(Stored records)
____
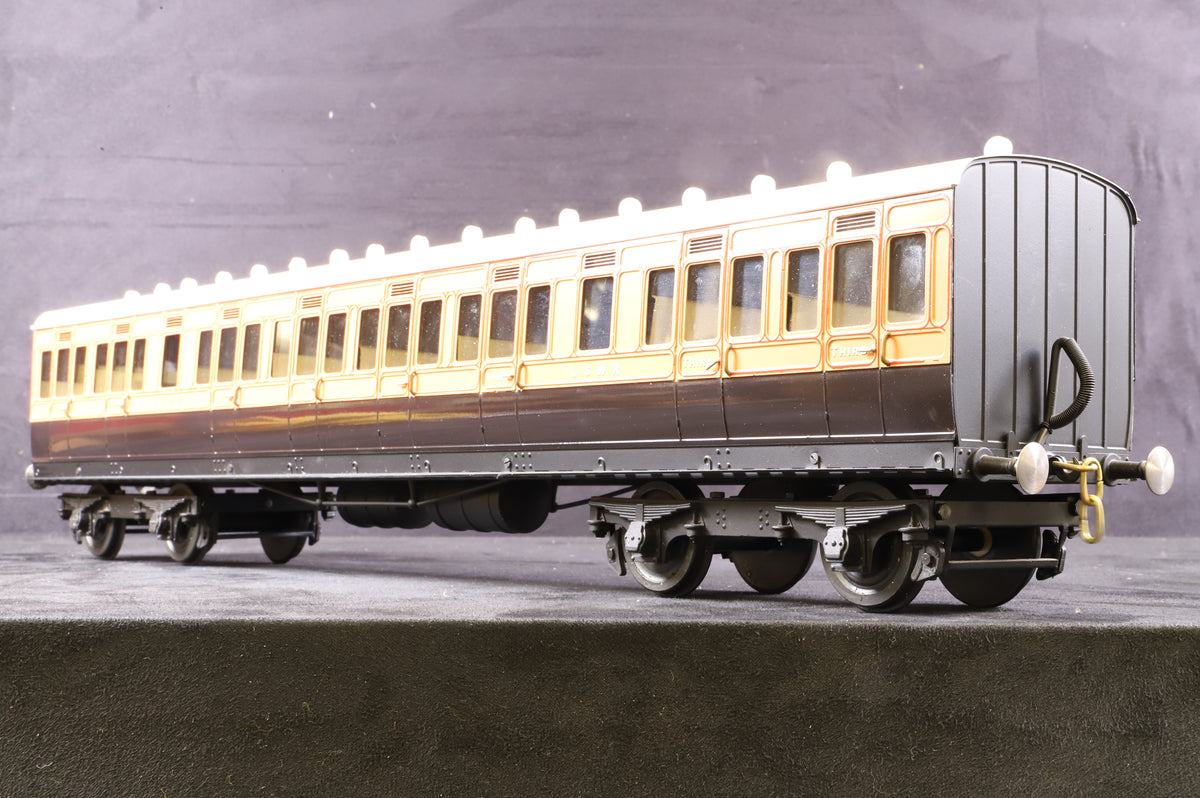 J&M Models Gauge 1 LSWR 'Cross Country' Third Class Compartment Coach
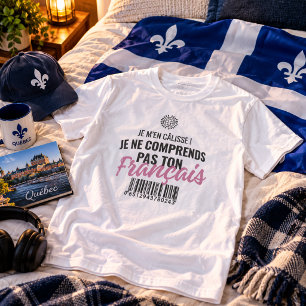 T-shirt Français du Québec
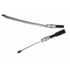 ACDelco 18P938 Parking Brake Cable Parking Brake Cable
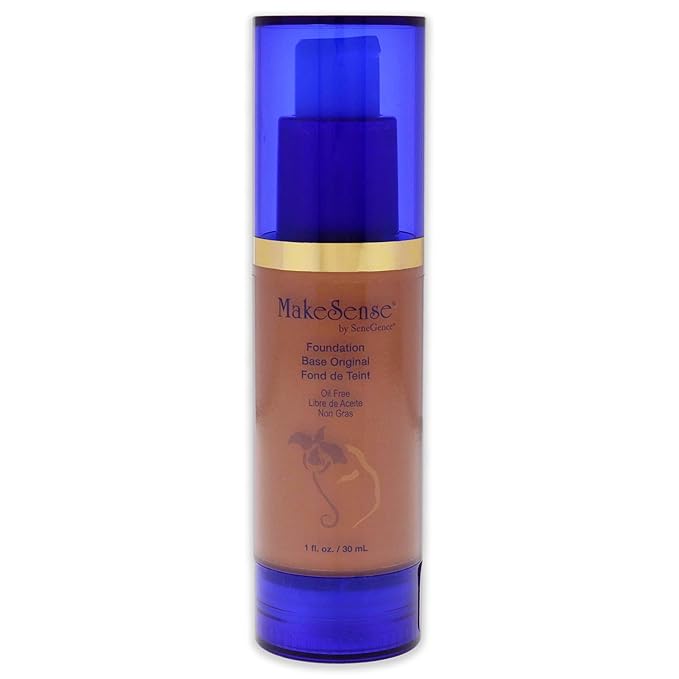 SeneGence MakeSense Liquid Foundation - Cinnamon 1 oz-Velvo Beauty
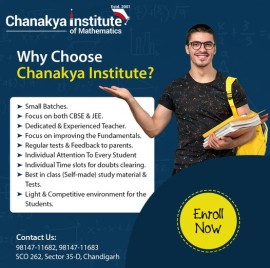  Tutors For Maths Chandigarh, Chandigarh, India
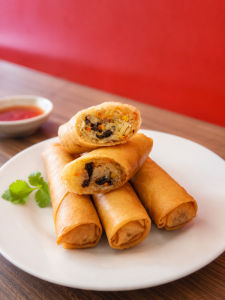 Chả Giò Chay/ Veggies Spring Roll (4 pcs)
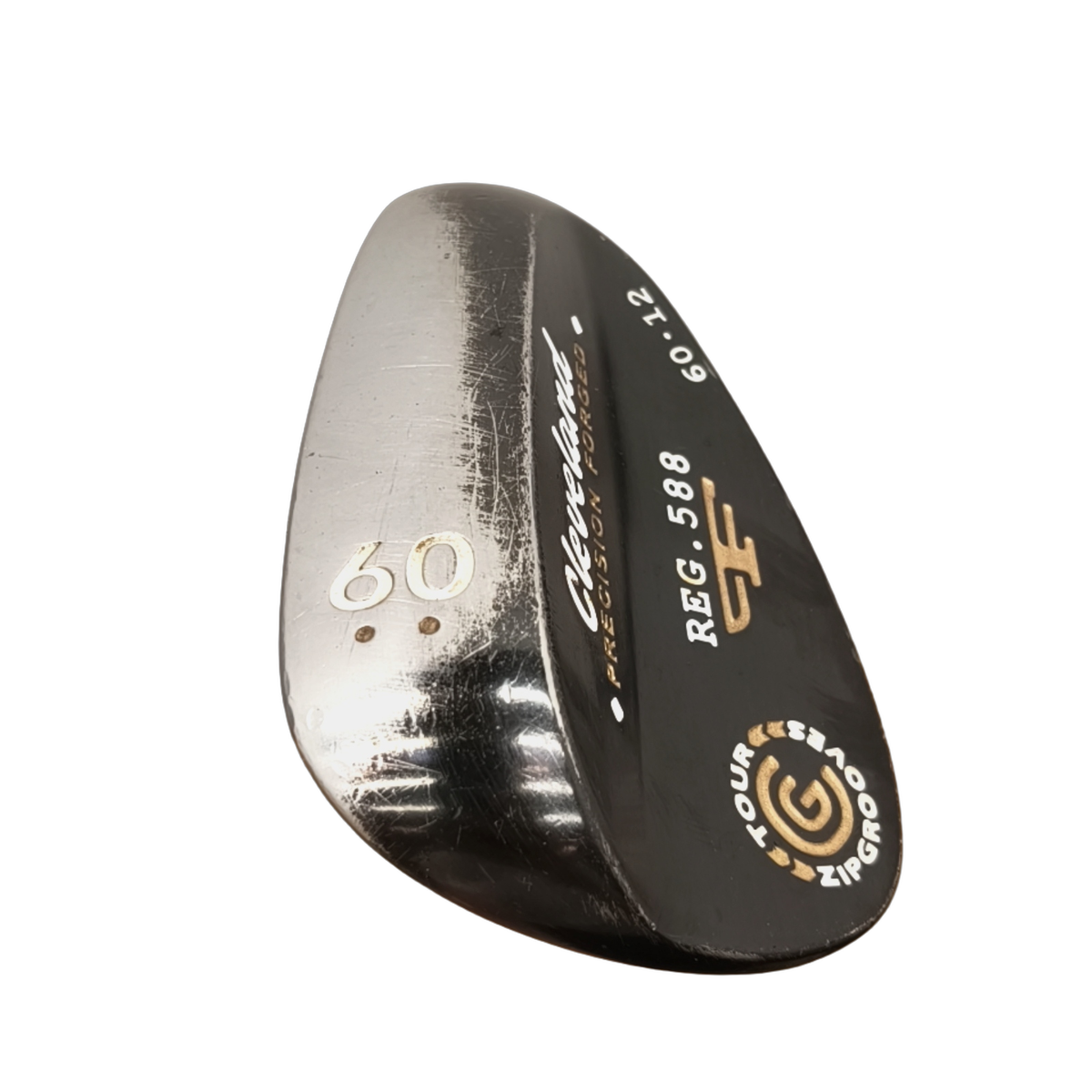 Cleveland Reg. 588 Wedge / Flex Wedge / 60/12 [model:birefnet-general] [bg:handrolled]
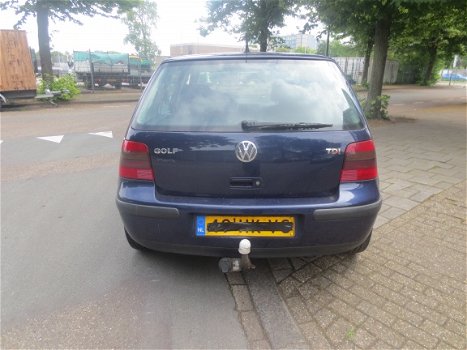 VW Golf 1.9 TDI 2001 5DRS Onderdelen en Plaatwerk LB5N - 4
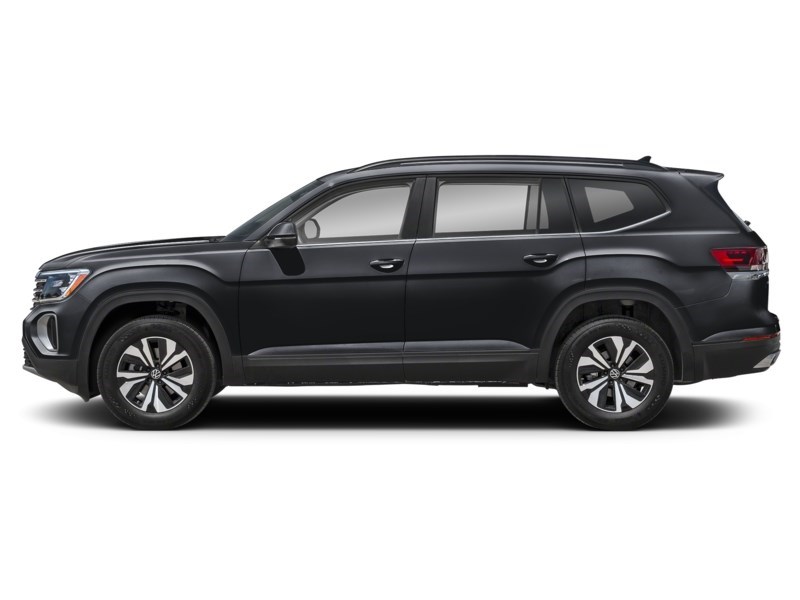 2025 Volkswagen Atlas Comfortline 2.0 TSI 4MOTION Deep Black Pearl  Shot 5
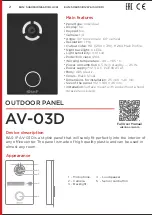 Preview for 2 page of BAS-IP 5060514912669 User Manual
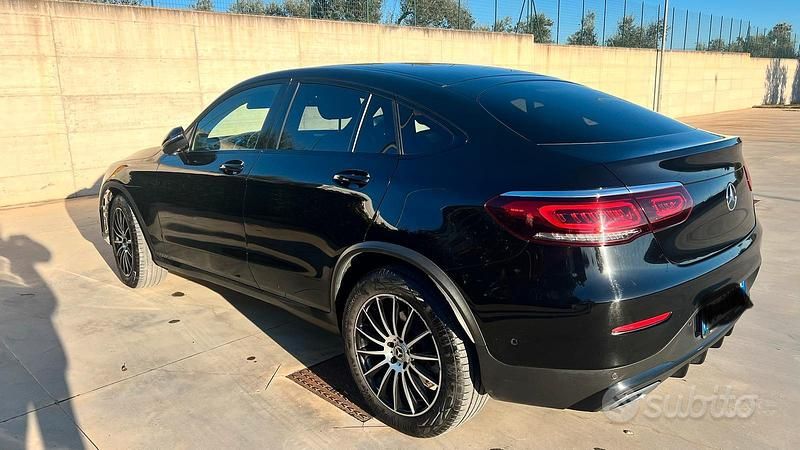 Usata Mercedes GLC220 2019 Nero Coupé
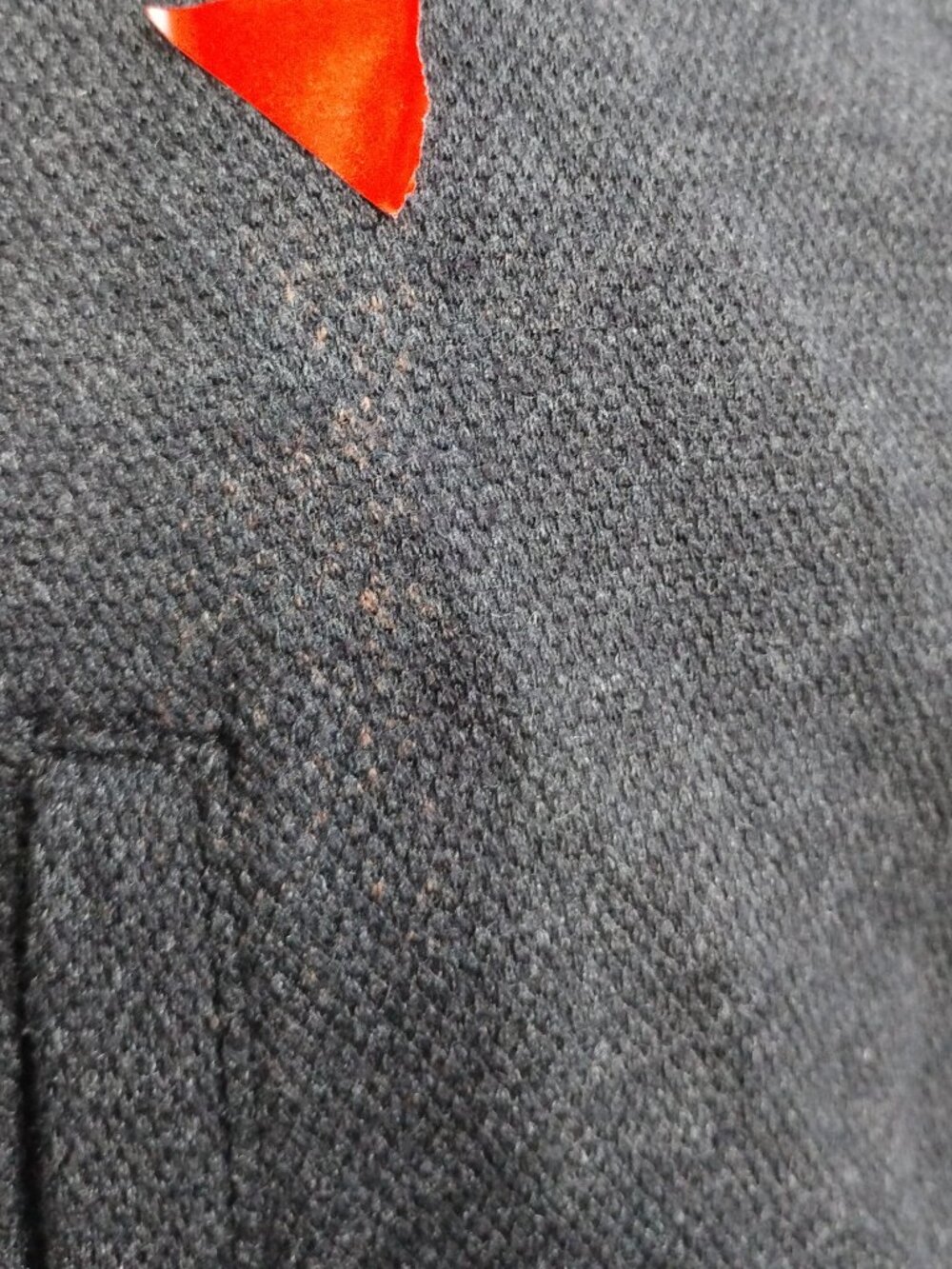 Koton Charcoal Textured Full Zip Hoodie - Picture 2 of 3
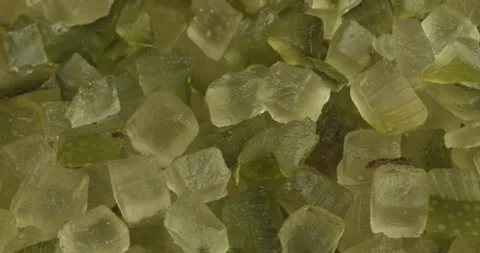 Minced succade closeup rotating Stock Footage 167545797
____
What to work on »
Would you output all of the entries above exactly, keeping the pictures out?

Solution to this problem »
 J&M Models Gauge 1 LSWR 'Cross Country' Third Class Compartment Coach
 T-shirt Français du Québec
 ACDelco 18P938 Parking Brake Cable Parking Brake Cable
 SeneGence MakeSense Liquid Foundation - Cinnamon 1 oz-Velvo Beauty
  Tutors For Maths Chandigarh, Chandigarh, India
 Chả Giò Chay/ Veggies Spring Roll (4 pcs)
 Cleveland Reg. 588 Wedge / Flex Wedge / 60/12 [model:birefnet-general] [bg:handrolled]
 VW Golf 1.9 TDI 2001 5DRS Onderdelen en Plaatwerk LB5N - 4
 2025 Volkswagen Atlas Comfortline 2.0 TSI 4MOTION Deep Black Pearl  Shot 5
 Preview for 2 page of BAS-IP 5060514912669 User Manual
 Usata Mercedes GLC220 2019 Nero Coupé
 Koton Charcoal Textured Full Zip Hoodie - Picture 2 of 3
 Minced succade closeup rotating Stock Footage 167545797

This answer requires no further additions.